The challenge to attract attention by differentiating yourself is not a new one, of course. When it comes to their product or service brands, organizations, especially large companies, generally “get it.” In hotly competitive industries, such as retail, companies spend millions establishing their name and creating a strong brand image that compels consumers to reach for their products. A strong brand sets expectations and engenders loyalty. It can overcome price differences, distribution problems, economic turmoil, and public relations debacles. A strong brand influences people. It creates an emotional bond.
Unfortunately, many times companies have not put the same effort into making sure the overall brand is carried through in their efforts to communicate with Great Talent. They have not defined what makes their organization a unique place to work. They have not mapped out the type of person they want to attract and go after. They have not built messages and pro¬grams to go out and get those people. In short, they have not identified or put any work into their “talent brand.”
If the reputation of a company’s products or services is its face, the talent brand is its heart and soul. It represents the collective goodwill of the people who make the company go. The talent brand is about service, positive interaction, and mutual respect, but it is also about livelihoods, hopes, and aspirations. These qualities are the essence of the talent brand.

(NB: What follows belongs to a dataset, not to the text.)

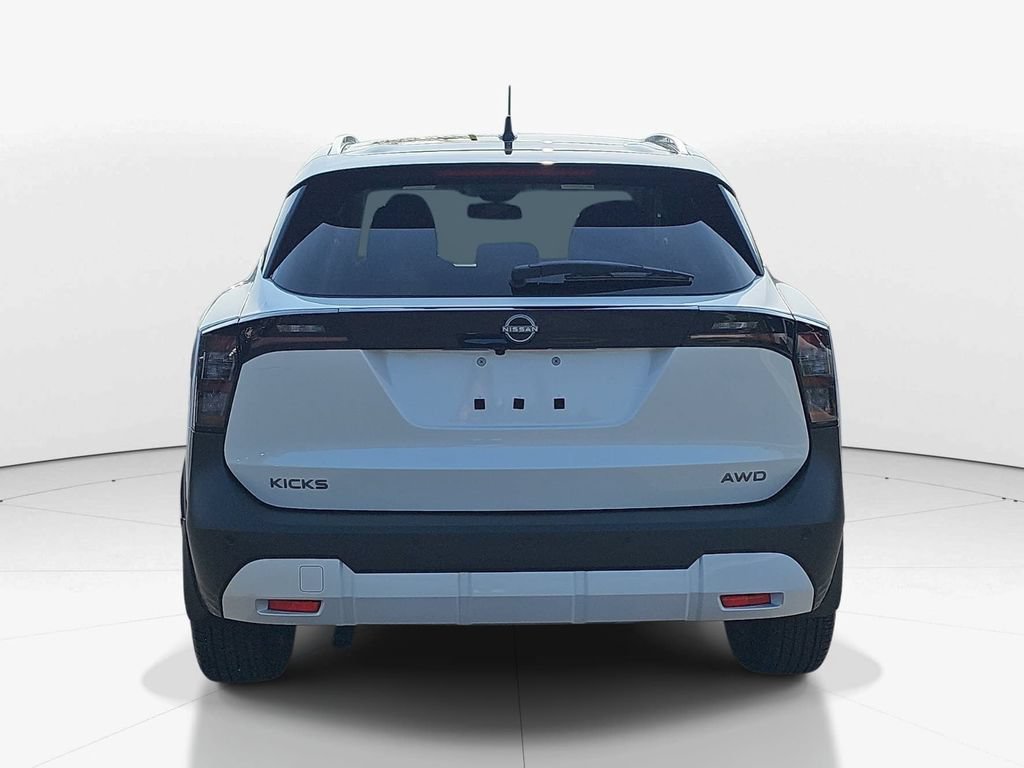 Used 2026 Nissan Kicks SV w/ Charging Package AWD/4WD image 7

Just like a product brand, a company’s talent brand builds over time. It can engender the same feelings of desire, the same dreams that a compelling product message brings to life. It can bring tremendous loyalty and, through word of mouth, more traffic to your doorstep.

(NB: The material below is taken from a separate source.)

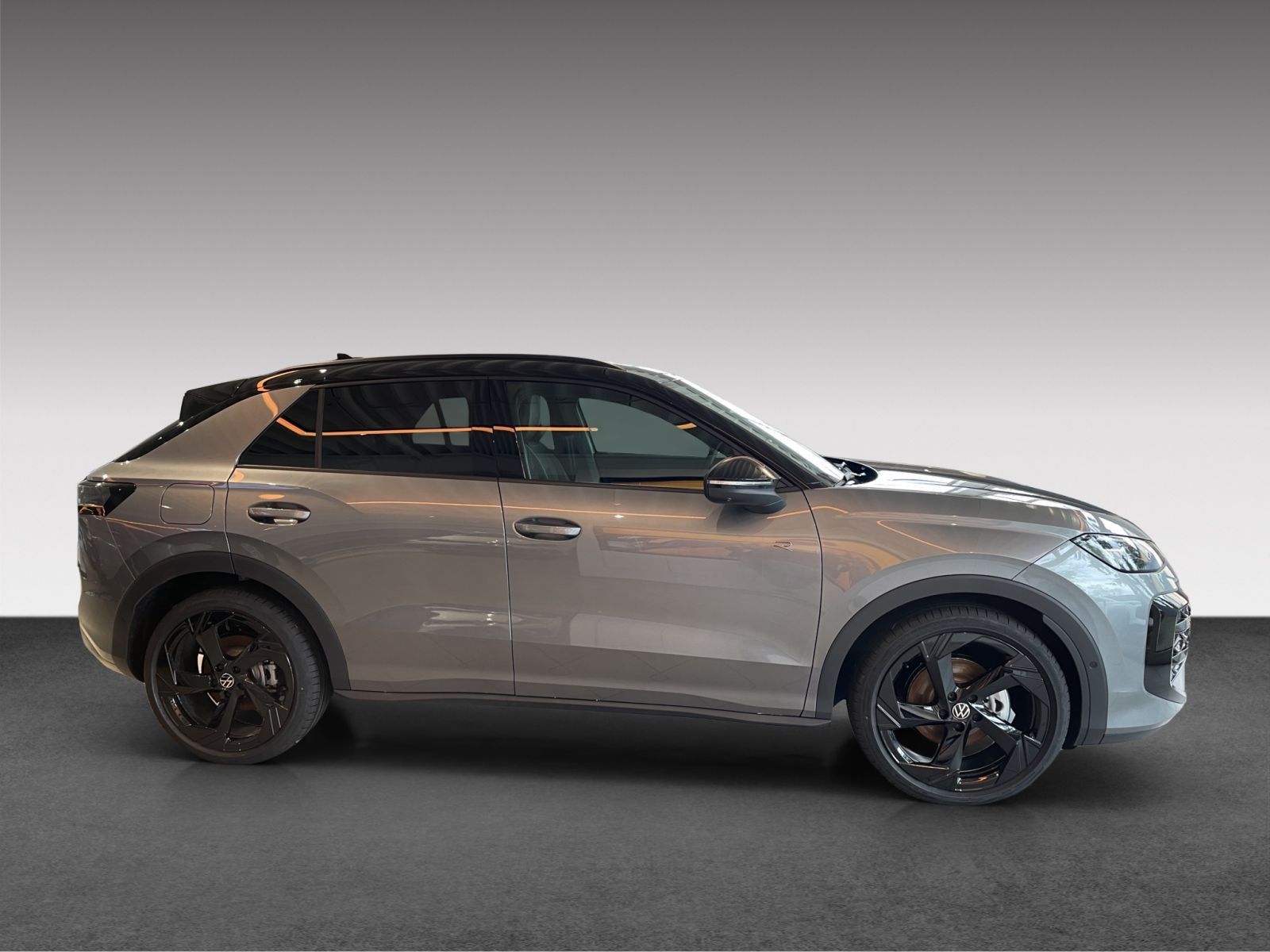 Volkswagen T-Roc 1.5 eTSI 110 kW R-Line DSG Aktion bis 31.0 foto 4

As with a product brand, creating the right talent brand requires creativity and hard work. First, recruiting needs to be a strategic imperative for the company, alongside marketing. Whoever is charged with creating your talent brand should collaborate with your marketing team to determine the compelling link between the company, its philosophies, goals, principles, and its talent. What is the essence of the company, and what is it about that essence that makes candidates feel like they want to be a part of it all?

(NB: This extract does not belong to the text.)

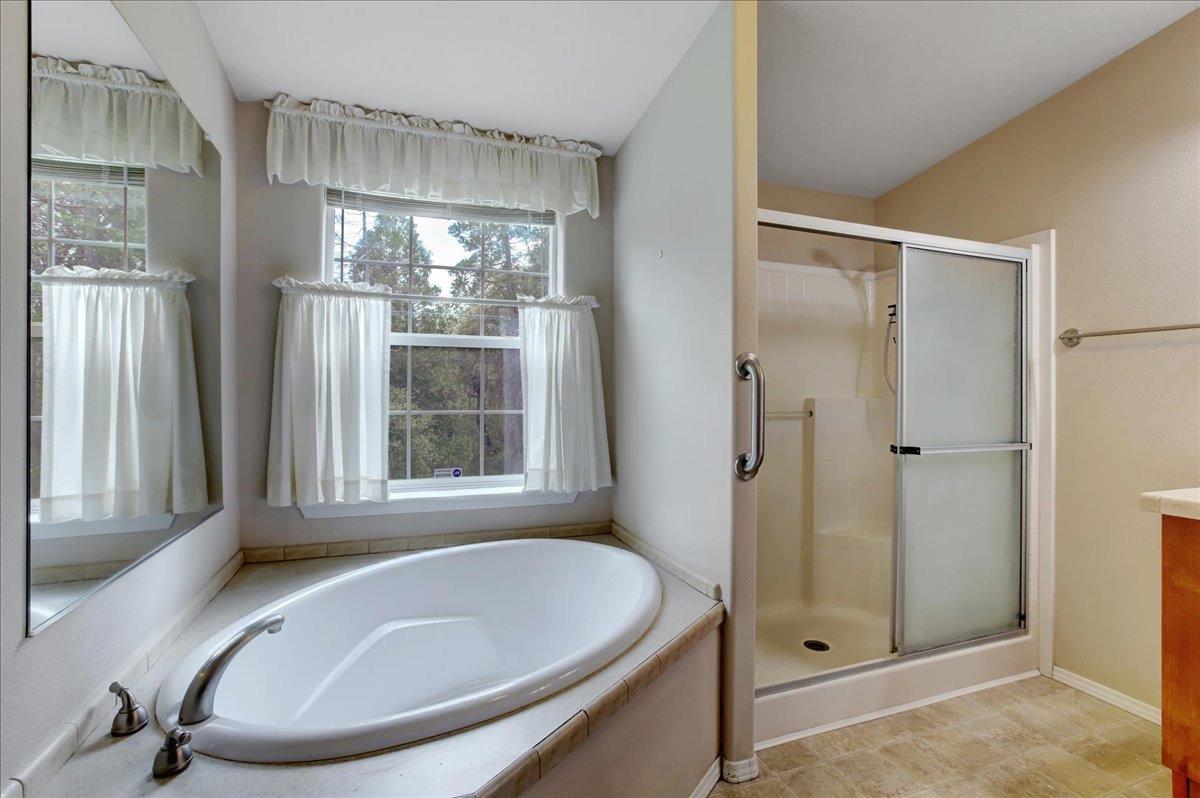 Detail Gallery Image 21 of 29 For 12696 Newtown Rd, Nevada City,  CA 95959 - 4 Beds | 2/1 Baths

Second, who is your ideal candidate? Find out in as much detail as possible who your target employee is—what she likes to do, what she likes to think about. What special skills and knowledge does she possess? What are her aspirations, her dreams? Take your time with this. Do your homework. Remember, there is growing popular interest in career opportunities. Do you want to spend all your time sifting through unqualified talent? It will be exponentially faster and easier to find your ideal candidates if you know, in detail, exactly who they are.
Third, create a message that speaks to your ideal candidate. Take the business goals and objectives, the realities that the company faces them into a story that appeals to exactly the sort of a company needs. To be effective, the message should create an emotional reaction. It should cause a light to come on inside your ideal talent. Do this, and you will cause your prospective talent to start picturing how their lives might be different if they were working for you.
Some companies have created and communicated an effective talent brand for years. U.S. outdoor equipment outfitter REI has long enjoyed a reputation of providing an engaging work environment and comprehensive benefits. Beyond that, REI also projects an image that automatically attracts the kind of employees the company wants. REI has tapped into the essential appeal of the outdoors and brought that appeal to its talent force as well as its customers. The company’s employees buy into REI and its mission because the brand represents them and, in the words of brand guru Scott Bedbury, “provides an emotional context for their lives.”
This example reveals another benefit of a talent brand—it is also a screening tool, because applicants will invariably gravitate to talent brands that align with their identities.